In her 30 years as a volunteer board member for JESPY, Evans, now a sales associate with Berkshire Hathaway HomeServices New Jersey Properties in Livingston, N.J, has filled many roles. “She doesn’t just sit at a board meeting,” says Michael, who serves on JESPY’s parent committee with Evans. “She is at every fundraising event, every seminar, every talk and discussion. She calls, emails, and writes to get more participation from parents so that JESPY raises money that it really, really needs.” Separate from JESPY House, she also staffs a parent helpline called Mom2Mom that provides peer support for families with children with special needs struggling to find resources and hope.
The Gems of JESPY
Evans’ voice grows warmer when she starts talking about the people who live in JESPY’s seven residential properties. She seeks to shine a light on all the ways the residents contribute to society. Before working in real estate, Evans was an administration manager and business control consultant at IBM and says she would have loved to have had developmentally disabled adults working on her team. They are efficient and excel at their jobs, she says. They can also advocate for themselves, she says, noting that some JESPY clients get involved in politics to make sure their voices are heard.
“Developmentally disabled people kind of get overlooked. And they have so much to offer. [JESPY] helps them to be well-rounded, happy, productive members of society, which is all they want to be.” —Annette Evans
“In New Jersey, they’ve been taking funding away from developmentally disabled people. Our clients are going to political meetings and fighting for their rights,” Evans says. “They get up to speak and say, ‘I’m living this life, and it’s happy and productive, and you’re trying to take it away from me and that’s not right.’ It can teach us all something.”
Most of the people JESPY serves are leading full lives as employed, taxpaying citizens.
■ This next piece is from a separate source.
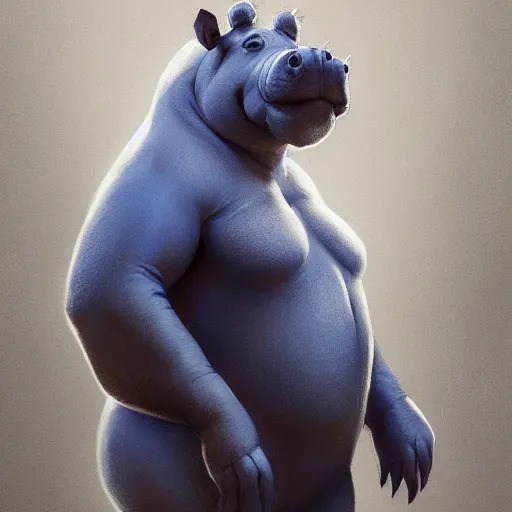 Image similar to a award winning commission portrait of a fit anthro hippo wearing a blue tracksuit,digital art,art by greg rutkowski,character design by charles bowater,detailed face,hyperdetailed,photorealistic,artstation,deviantart,4k,western comic art,sharp,high definition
Clients like Ari Levinson, who moved into his first JESPY residence at 21, receive transportation services at JESPY to get to work, run errands, and attend social outings. Case managers help JESPY clients maintain a budget and ensure they pay their bills. JESPY residents also help each other through the everyday struggles that come with having intellectual and physical disabilities.
“If more people were as kind as those who have developmental disabilities, I think it’d be a better world,” Evans says. “All they want to do is help, not hurt.”
Funds for the Future
Evans, co-chair of this year’s major fundraising campaign gala, helped the group raise more than $200,000, roughly double the total raised in 2017. These funds go toward housing, recreational programming, events for clients and parents, job sourcing, counselors, and more.
In addition, Evans organizes workshops and brings in out-of-state academics who teach parents and caregivers how to prepare themselves for their loved ones to age in place at JESPY residences, which has become a top priority of the organization.
As clients’ needs evolve, Evans’ efforts have helped maintain JESPY House as a strong, adaptable program that currently serves 250 clients ranging from ages 18 to 70. As Tara Roberts, JESPY’s head of community relations, noted, some people are thinkers while others are doers—and Evans is a doer. “I think she does it for the people—she believes in the mission of the agency,” Roberts says, adding that advocates like Evans make sure no one’s needs go unmet.
Her demanding work and volunteer schedule means Evans is rarely home, but she has no complaints. “I do believe there’s much happiness in giving,” Evans says. “Some people get so busy with their lives, they don’t make time to volunteer, to help someone. I believe when I help other people, I get more back than I give. I truly, truly feel that.”